Forma contra discurso: el arte se desencanta

“La profanación de la cultura conduce a su desencantamiento. También el arte se profana y se desencanta. La magia y la hechicería, que en realidad serían su origen, la abandonan y son sustituidas por el discurso (…) En lugar de formas cautivadoras aparecen contenidos discursivos”, anuncia Han, que descree de la excesiva transparencia del significado del arte, al que se ha despojado de su “velo mágico”. El arte renuncia a su exterior misterioso en favor de un interior profano.

No hay ritos de cierre

Nada se acaba nunca hoy. Transitamos de una sensación a la siguiente, en este mundo de lo “provisional e inacabado”, en el que todo es un “producir vitalicio”. No hay ritos de pasaje y, por tanto, “envejecemos sin hacernos mayores”. Dice Han: “Lo hecho, lo finalizado, es algo que está terminado en sí mismo como un objeto independiente del yo; por eso el sujeto evita finalizar nada” (un rasgo esencial del narcisismo). A otra escala, desaparece el lugar como forma de clausura en el mercado global (un “no lugar”) y, por supuesto, en la interconexión digital, que facilita que tampoco el trabajo tenga comienzo ni final.

Elogio de la forma y el vacío

Su apuesta por la revivificación de las ceremonias rituales alcanza a la lengua, que, en su criterio, se está desnudando de poesía, de envoltorio y significante para ser toda significado, información, adición y algoritmo.
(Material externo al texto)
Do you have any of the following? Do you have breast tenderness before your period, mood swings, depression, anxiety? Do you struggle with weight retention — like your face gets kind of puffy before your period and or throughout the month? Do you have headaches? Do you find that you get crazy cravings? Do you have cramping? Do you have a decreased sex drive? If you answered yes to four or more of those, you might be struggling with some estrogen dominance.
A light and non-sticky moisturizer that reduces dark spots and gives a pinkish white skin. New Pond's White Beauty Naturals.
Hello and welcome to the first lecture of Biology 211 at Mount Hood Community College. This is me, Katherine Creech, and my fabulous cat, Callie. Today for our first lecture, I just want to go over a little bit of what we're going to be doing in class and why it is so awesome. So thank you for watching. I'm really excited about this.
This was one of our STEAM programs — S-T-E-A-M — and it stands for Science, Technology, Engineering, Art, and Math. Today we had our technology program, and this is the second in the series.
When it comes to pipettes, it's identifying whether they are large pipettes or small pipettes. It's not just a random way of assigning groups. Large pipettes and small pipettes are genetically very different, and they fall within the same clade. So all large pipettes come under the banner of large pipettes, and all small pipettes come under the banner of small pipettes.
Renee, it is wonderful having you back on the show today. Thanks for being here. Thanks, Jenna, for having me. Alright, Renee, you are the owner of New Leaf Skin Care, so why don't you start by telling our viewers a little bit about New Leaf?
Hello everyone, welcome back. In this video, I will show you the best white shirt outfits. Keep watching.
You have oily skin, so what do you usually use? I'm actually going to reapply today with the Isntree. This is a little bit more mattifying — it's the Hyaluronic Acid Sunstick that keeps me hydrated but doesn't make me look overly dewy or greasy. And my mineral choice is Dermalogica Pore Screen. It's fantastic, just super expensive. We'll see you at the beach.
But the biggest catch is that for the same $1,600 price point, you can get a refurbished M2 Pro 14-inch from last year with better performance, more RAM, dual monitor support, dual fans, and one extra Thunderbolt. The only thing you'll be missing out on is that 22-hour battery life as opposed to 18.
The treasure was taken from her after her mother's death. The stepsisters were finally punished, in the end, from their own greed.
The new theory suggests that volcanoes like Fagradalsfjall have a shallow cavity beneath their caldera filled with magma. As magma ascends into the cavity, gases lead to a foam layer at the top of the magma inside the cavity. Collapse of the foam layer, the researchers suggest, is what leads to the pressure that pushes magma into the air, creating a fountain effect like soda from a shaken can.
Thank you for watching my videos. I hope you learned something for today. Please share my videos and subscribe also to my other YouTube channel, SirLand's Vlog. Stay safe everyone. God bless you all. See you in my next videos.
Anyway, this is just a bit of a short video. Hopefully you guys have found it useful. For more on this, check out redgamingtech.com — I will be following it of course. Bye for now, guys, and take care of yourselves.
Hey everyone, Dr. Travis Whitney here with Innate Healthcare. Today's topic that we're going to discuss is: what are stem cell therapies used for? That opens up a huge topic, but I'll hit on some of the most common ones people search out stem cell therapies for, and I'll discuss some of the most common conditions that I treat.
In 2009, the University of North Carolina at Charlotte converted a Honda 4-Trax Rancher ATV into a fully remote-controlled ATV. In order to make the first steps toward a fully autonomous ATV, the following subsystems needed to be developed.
La lengua, entonces, elude la “liturgia del vacío” y “trabaja, en vez de jugar”.

La atención como oración de pertenencia

“El hombre es un ser locativo. Solo el lugar hace posible el habitar y la estancia. Pero un ser locativo no es forzosamente un fundamentalista del lugar. No excluye la hospitalidad. Resulta destructiva la total desubicación del mundo a causa de lo global, que elimina todas las diferencias y solo permite variaciones de lo mismo. La alteridad, la heterogeneidad, contrarresta la producción (…) Precisamente en vista de esta violencia de lo global surge el fundamentalismo del lugar”, sostiene el autor de La agonía de Eros.

La parte alentadora de su diagnóstico es que cualquiera que lo lea con detenimiento puede extraer de allí los contrapesos necesarios para intentar la soberanía personal y colectiva. Entre ellos, cabe destacar la recuperación de lo lúdico del pensar (como antítesis del cálculo), la atención como “oración natural del alma”, la recuperación de las formas (en el arte) contra el mero discurso moralizante y la pertenencia a un árbol, una filiación a una “cultura ubicada” (o situada). De ahí el valor del rito: “La atención se dirige antes que nada a la comunidad. La comunidad ritual es una comunidad de la escucha en común y de la pertenencia mutua”.